光が届かない闇の中で、魚がルアーの背中の模様まで見ていると思いますか?

魚は、あなたのルアーを見ていません。遠くから「聴いて」いるのです。

もちろん、耳で聴くわけではありません。魚には、人間にはない「第六感」とも言える高性能レーダーが備わっています。

今回は「側線(Lateral Line)」という器官のメカニズムを解説します。
これを知れば、夜釣りや濁りの中で「何を選べばいいか」の正解が、生物学的に導き出せます。

「側線」という名のソナーシステム

魚の体の側面、エラから尻尾にかけて、一本の線が走っているのを見たことがあるはずです。

あれはただの模様ではありません。中にはゼリー状の物質と感覚毛が詰まっており、「水圧の変化」を敏感に感知するセンサーになっています。

魚はこれを使って何をしているのか?

  • 障害物の回避:自分の泳ぎが壁に跳ね返ってくる波を感じ取る。
  • 群れの統率:隣の魚が動いた水流を感じて、ぶつからずに泳ぐ。
  • 獲物の探知:小魚が泳ぐ時に発生する「微弱な水流」をキャッチする。

つまり、暗闇で目が効かなくても、魚は側線というレーダーを使って、周囲の状況を3Dで把握しています。
視覚(Eyes)ではなく、触覚の延長(Touch at a distance)で獲物を追っているのです。

「リアルな形」=「ステルス戦闘機」という皮肉

ここで、多くのルアーマンが犯すミスがあります。

「食わないから」といって、ルアーを細く、小さく、リアルな形状(シンキングペンシルなど)にしてしまうことです。

水を動かさないルアーは、側線センサーにとっては「透明人間」と同じです。

細身で水を逃がすルアーは、物理的に「波動」が出ません。視覚が頼りのデイゲーム(日中)ならそれで正解です。
しかし、視界ゼロのナイトゲームでそれをやるのは、レーダーに映らないステルス機を飛ばすようなもの。

魚はルアーの存在に気づくことすらできません。

逆に、ボディが太く、リップが付いていて、ブリブリと大きく水をかき回すルアー。人間から見れば「オモチャっぽくて不自然」に見えるかもしれません。

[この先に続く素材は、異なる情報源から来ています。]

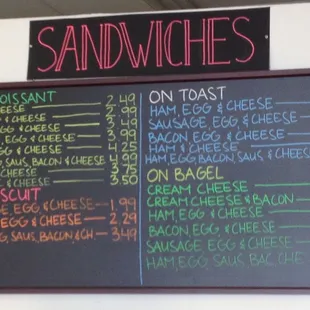 Plenty of breakfast sandwich options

しかし、側線センサーにとっては、それこそが「強烈な存在感を放つエサ」としてマップ上に表示されるのです。

【実例】「波動」で使い分ける2つのモード

RIVOSEA的には、ルアーのジャンル分けは「ミノーかペンシルか」ではありません。「水をどれだけ押すか(Water Displacement)」で分類します。

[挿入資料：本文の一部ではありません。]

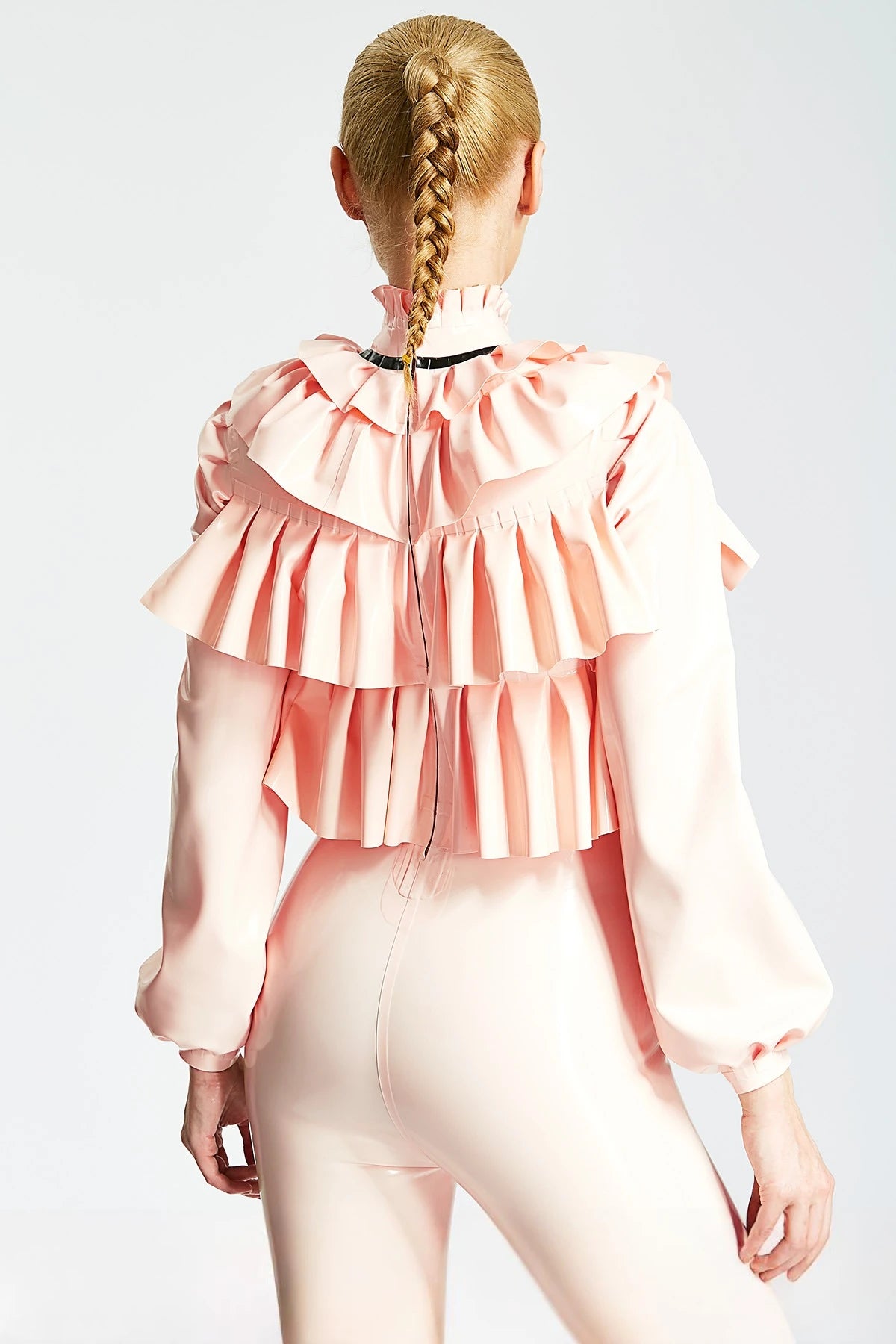 Baby Pink, trim color is Black Frills Galore Shirt-style Female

Mode A:視覚優位(デイゲーム・クリアウォーター)

戦略:微波動(ローアピール)

魚が目視できる状況。ここでは側線への刺激はノイズになります。「水を押さない」細身のルアーや、動きの大人しいシンキングペンシルを使い、視覚で食わせます。
(「見せて」食わせる)

Mode B:側線優位(ナイトゲーム・濁り・サラシ)

戦略:強波動(ハイアピール)

視界が効かない状況。ここでは「水押し」が全てです。ボディの側面積が広いバイブレーションや、ワイドウォブリングのミノーを使います。
人間がリールを巻いていて「重い」と感じるルアーほど、水中では大音量で「ここにいるぞ!」と叫んでいるのと同じです。
(「気づかせて」食わせる)

まとめ:魚の「耳元」で騒げ

夜の海で、なかなか釣れない時。
あなたは「色が合っていないのか?」と悩み、ルアーをサイズダウンさせがちです。

ですが、正解は逆です。

「もっとうるさいルアーを投げろ」

サイズを上げて、リップを大きくして、水を大きく掻き回すものに変えてください。
「こんなに派手で大丈夫か?」と不安になるくらいで、魚の側線にはちょうどいい。

  • 色は関係ない(どうせ見えていない)。
  • 形も関係ない(シルエットしか見えていない)。
  • 大事なのは、水中に残す「乱気流の航跡(ウェイク)」の強さだけ。

明日からのナイトゲーム、ルアー選びの基準を「見た目のリアルさ」から「水押しの強さ」に変えてみてください。
闇の中からひったくられる衝撃が、その理論の正しさを証明してくれるはずです。